This approach allows for a flexible, iterative workflow where scientists developing research code can experiment with new data series, model parameters and visualisation settings without requiring further development from the web application team.
New versions of the research code and API can be deployed, which include changes to data, metadata and research model, without needing to redeploy the web application to handle these changes. Metadata is fetched for each new user session, and the web app deals with whatever combination of data and metadata it receives.
The relevant parts of the metadata for our choropleths are, for each indicator:
- Colour scale: a named colour scale from d3-scale-chromatic. Each scale provides a method for mapping values between 0 and 1 to a colour. For example here is the interpolateViridis scale:
- Reverse scale: boolean indicating whether to reverse the colour scale i.e. map each 0-1 value to the scale’s value for 1-value.
- Min and max: the expected min and max values for the indicator. These are mapped to the 0 and 1 values of the colour scale, and data points between are mapped to values between 0 and 1 by interpolation.
However we found that, while this approach was a powerful way for researchers to define how data should be visualised, it was not sufficiently flexible to give users the best results for all views of all datasets.
The min-max ranges defined by metadata may not be wide enough to capture all values in a particular view of a dataset, in which case all values which exceed that range will be assigned the same colour, and hence be indistinguishable. Conversely, if a default range is too wide, and all values are clustered within one area of the scale, these may also be difficult to distinguish visually.

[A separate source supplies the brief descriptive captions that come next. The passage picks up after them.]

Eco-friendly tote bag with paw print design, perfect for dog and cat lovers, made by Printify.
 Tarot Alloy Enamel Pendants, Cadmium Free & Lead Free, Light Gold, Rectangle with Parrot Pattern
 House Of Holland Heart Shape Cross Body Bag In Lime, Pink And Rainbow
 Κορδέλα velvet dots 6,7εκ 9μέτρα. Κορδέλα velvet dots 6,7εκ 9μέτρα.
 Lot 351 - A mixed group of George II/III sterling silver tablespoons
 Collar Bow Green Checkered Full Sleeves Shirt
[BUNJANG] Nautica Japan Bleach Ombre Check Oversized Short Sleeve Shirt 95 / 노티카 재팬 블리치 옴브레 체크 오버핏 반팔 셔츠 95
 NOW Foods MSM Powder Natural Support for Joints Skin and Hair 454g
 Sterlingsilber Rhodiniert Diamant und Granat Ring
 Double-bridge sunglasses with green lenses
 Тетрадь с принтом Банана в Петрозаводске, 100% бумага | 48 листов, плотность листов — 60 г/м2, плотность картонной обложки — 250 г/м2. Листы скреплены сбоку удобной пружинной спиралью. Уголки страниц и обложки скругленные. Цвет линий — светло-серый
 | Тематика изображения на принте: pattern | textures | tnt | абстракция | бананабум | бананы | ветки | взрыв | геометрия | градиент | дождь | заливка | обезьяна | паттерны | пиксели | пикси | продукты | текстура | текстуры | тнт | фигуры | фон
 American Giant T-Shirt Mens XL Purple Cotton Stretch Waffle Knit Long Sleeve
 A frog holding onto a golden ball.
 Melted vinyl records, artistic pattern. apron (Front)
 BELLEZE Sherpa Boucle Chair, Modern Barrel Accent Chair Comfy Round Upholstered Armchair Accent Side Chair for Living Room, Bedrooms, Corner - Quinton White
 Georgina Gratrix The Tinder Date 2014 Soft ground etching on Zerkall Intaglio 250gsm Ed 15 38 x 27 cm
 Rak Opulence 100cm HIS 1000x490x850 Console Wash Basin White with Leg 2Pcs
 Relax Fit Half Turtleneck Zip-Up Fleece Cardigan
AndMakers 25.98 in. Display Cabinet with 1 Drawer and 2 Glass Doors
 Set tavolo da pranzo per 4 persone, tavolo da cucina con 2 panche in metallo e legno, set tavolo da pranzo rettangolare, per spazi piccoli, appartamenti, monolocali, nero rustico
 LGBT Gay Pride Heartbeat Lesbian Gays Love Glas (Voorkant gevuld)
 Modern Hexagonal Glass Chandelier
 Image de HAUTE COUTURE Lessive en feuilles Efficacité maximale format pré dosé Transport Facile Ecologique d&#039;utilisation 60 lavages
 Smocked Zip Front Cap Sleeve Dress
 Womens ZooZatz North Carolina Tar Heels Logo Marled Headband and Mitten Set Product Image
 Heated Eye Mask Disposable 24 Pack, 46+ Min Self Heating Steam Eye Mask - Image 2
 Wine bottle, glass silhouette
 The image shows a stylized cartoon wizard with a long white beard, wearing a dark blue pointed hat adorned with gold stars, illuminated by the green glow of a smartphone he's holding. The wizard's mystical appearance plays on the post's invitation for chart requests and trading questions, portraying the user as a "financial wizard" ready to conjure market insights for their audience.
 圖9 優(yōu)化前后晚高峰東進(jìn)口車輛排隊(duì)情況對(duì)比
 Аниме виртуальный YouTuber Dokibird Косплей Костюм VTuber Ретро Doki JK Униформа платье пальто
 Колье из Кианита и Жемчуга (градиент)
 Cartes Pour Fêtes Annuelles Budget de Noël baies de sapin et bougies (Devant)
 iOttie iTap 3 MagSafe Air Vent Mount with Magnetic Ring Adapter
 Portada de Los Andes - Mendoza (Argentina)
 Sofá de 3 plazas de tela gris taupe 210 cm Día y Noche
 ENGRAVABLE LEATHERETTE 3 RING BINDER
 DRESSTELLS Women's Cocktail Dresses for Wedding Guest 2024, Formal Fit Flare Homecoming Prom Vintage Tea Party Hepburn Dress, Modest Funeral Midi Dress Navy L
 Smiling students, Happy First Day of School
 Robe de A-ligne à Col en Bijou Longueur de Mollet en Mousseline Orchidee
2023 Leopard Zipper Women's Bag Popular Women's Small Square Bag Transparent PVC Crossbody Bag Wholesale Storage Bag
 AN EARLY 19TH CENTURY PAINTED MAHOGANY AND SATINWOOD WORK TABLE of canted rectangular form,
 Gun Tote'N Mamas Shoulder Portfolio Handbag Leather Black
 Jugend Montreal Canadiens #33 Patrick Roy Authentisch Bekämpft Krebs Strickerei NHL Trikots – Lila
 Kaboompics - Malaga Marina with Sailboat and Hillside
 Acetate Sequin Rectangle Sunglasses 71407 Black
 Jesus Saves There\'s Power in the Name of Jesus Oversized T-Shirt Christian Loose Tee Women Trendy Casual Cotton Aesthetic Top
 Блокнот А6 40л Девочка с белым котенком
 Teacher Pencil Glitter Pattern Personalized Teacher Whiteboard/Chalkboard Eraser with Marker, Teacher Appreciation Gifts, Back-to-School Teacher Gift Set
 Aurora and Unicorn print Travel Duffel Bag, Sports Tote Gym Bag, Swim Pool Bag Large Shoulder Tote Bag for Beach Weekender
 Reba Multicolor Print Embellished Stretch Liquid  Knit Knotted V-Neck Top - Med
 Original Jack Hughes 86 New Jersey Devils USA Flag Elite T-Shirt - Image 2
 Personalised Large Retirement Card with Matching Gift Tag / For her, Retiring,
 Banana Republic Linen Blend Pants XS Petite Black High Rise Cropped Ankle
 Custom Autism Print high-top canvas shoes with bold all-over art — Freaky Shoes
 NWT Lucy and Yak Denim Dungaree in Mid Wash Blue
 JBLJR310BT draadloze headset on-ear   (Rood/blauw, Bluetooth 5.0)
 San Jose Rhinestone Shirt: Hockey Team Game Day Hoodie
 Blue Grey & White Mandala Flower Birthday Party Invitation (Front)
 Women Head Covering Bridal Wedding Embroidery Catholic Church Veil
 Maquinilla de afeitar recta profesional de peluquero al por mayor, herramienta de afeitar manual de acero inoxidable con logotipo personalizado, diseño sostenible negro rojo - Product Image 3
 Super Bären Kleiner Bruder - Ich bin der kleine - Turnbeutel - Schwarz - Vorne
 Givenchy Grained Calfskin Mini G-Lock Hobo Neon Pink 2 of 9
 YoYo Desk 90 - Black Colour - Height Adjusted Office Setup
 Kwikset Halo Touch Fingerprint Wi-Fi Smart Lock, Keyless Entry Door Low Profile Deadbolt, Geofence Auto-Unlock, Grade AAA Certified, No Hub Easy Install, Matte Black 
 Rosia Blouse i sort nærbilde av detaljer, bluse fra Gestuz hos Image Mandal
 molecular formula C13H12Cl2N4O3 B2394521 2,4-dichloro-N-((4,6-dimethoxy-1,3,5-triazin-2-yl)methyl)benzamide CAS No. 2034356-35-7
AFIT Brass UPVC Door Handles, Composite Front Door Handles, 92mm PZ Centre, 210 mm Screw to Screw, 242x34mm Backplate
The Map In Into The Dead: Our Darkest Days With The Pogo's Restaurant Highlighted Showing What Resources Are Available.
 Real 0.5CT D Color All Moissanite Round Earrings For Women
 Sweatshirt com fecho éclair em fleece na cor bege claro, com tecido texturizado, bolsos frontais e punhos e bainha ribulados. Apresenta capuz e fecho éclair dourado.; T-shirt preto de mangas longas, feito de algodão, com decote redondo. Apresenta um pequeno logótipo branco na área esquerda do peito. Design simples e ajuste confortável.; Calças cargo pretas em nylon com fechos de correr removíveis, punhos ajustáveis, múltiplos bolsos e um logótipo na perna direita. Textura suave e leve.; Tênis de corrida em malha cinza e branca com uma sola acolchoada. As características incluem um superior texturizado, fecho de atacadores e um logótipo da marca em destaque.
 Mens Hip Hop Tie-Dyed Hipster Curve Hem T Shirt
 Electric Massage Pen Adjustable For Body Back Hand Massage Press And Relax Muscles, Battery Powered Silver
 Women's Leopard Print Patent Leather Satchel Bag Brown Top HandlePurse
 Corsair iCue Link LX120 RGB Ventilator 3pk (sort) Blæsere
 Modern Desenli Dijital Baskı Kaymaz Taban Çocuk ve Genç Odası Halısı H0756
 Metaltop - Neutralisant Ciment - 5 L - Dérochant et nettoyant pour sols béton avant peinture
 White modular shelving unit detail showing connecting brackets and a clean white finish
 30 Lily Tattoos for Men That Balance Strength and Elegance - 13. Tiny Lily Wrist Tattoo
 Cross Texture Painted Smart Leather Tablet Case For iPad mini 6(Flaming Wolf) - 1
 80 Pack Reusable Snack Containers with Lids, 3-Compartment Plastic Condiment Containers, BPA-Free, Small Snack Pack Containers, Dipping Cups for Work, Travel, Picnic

The reason why scales defined for a dataset are often inappropriate for a particular view of that data is that our choropleth data is always a filtered subset of a full dataset, providing a view of values for a particular age range, year, etc, where the user can change which filter set to display using drop-down controls. The metadata range provides a colour scale which is consistent - the same colour corresponds to the same value for each set of filter values. However we found that some filter sets would typically exhibit much narrower indicator ranges than the whole dataset, so that the map rendered could be of little use as a choropleth.
To solve these issues, we implemented a set of options allowing the user to control the colour range dynamically:
- Default: use range from metadata
- Custom: user selects arbitrary values for range
- Entire dataset: Use min and max values in actual (unfiltered) dataset
- Filtered dataset: Use min and max value in actual dataset, filtered by the current filter set.
Here’s an example of how ‘Entire dataset’ differs from ‘Filtered dataset’. In these two images, the colour scale fits the entire dataset, hence is consistent across all filter sets. This means there is typically less colour variation for a given set of filters, but since the colours are fixed to the same values across all sets of filters, it is easy to visually compare the values across both filter sets.
In the next images, the same two filter sets are shown with ‘Filtered dataset’ selected. The colour scale is fully used for each filter set so the contrast across shades on the map is maximised and colours are easier to distinguish. However, because the ‘meaning’ of each colour changes across filter sets, different filter sets cannot easily be visually compared. So this may be a more useful option when the user is interested in examining a single filter set.
With the option to set the range to arbitrary custom values, users can change the colour scale on the fly to suit their purposes. For example, they may wish to manually narrow the range to maximise variation in a particular area of the map:
There are many further options which could have given the user additional control, like choosing a different colour scale entirely, or selecting new start and end points within a colour scale. However, we needed to balance user control with a simple, intuitive interface covering the majority of use cases.
While researcher-defined default colour ranges remain a good starting point, these additional options improve the utility of Naomi’s maps by giving the user more flexibility to explore different aspects of the data, and can reveal insights about particular datasets which could not be predicted by a colour scale defined by generic metadata.